# The last few afternoons in Gulf Shores



## Chris V (Oct 18, 2007)

Ive been lazy with reports but figured I'd share the last few outings. Fished the PM bite until just after dark from Sunday-Tuesday. The bait was extremely thick; menhaden, sardines and anchovies. With the amount of small bait and ladyfish I went to somewhat larger lures to "stand out" and the Rat L Trap was the ace in the hole after several other go-tos fell short. I was working the deeper cuts that had stronger current and would just wing the rattler into the fray and let it sink. I crank moderately fast keeping it on the bottom and the Reds piled on it. Monday was the best day with 7 reds and a few "flip releases" as I slid them up the sand. Also caught a couple flounder and a very hungry Stargazer.

I tried soft plastics, twitchbaits, top waters, etc. the Rat L Trap was the killer.


----------



## Chris V (Oct 18, 2007)

Stargazer


----------



## ChileRelleno (Jul 7, 2012)

Chris, that is a great pic of the Stargazer.


----------



## halo1 (Oct 4, 2007)

Awesome report Chris!


----------



## Chris V (Oct 18, 2007)

ChileRelleno said:


> Chris, that is a great pic of the Stargazer.


Thanks! He was certainly very aggressive.


----------



## TN-Trout Head (Sep 23, 2014)

*Stargazer...?*

Hey Chris,
I'm sure there are several of us "lurkers" who don't actually live in the P'Cola, Destin area so we don't get to fish there as much as you guys. Just out of curiosity, I have never seen nor heard of the Stargazer. Had not heard of a Ribbon fish either until I saw the big debate about boat length, motor size, sponsors, etc. directly related to King fishing. One of the guys mentioned trolling with ribbon fish....

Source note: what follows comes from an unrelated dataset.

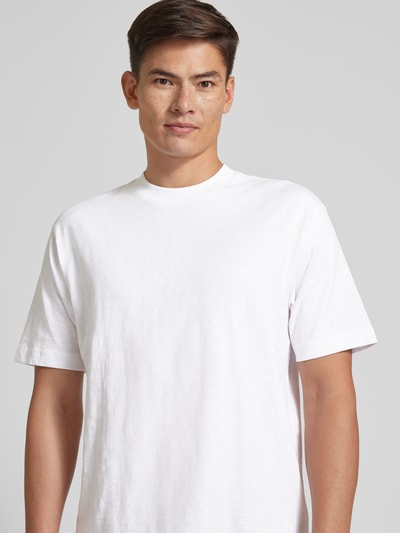 JAKE*S STUDIO MEN T-shirt z okrągłym dekoltem Biały 3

Just for educational purposes, please elaborate on both of them if you would. I looked up a Ribbon Fish and saw several species indigenous to SE Asia but was not aware they lived in US Gulf coastal waters, or do they?

Thanks guys, never hurts to learn something, appreciate it.
Frank


----------



## ChileRelleno (Jul 7, 2012)

Search Southern Stargazer.

I'll give you one cool fact, they can generate an electrical charge and are capable of lighting you up if handled and your fingers find their happy spot.
The happy spot is on their head between the eyes.


----------



## Chris V (Oct 18, 2007)

The Stargazer is a sneaky joker. He buries himself in the sand with only his eyes protruding. Both eyes face directly upward giving him his name. They can generate an electric jolt of up to 50 volts via two organs behind the skull. You certainly don't want to grab them open handed. The shock is mild but gets your attention.

Ribbon fish (Atlantic Cutlassfish) are prime King baits as you read. There are different species worldwide and out local species thrives from inshore waterways and estuaries, to offshore canyons and bottom structures as deep as 300 fathoms. They can grow to over 5ft in length and actually have "barbed" teeth. I learned this horrible fact firsthand when handling my first ribbon fish when I was a kid.


----------



## MrFish (Aug 21, 2009)

Nice report and that is a nice shot of the stargazer! Camera or camera phone?


----------



## TN-Trout Head (Sep 23, 2014)

*Stargazers and Ribbon Fish*

Yep, read about the Stargazers ability to light you up, had no idea either of these were in Gulf waters and certainly learned something guys, thanks.

If I were to catch something as ugly as a Stargazer I can surely promise you that I would have second thoughts about touching that thang!

Also saw pictures of the ribbon fish. Truly they both look somewhat prehistoric, especially with those two front canine teeth.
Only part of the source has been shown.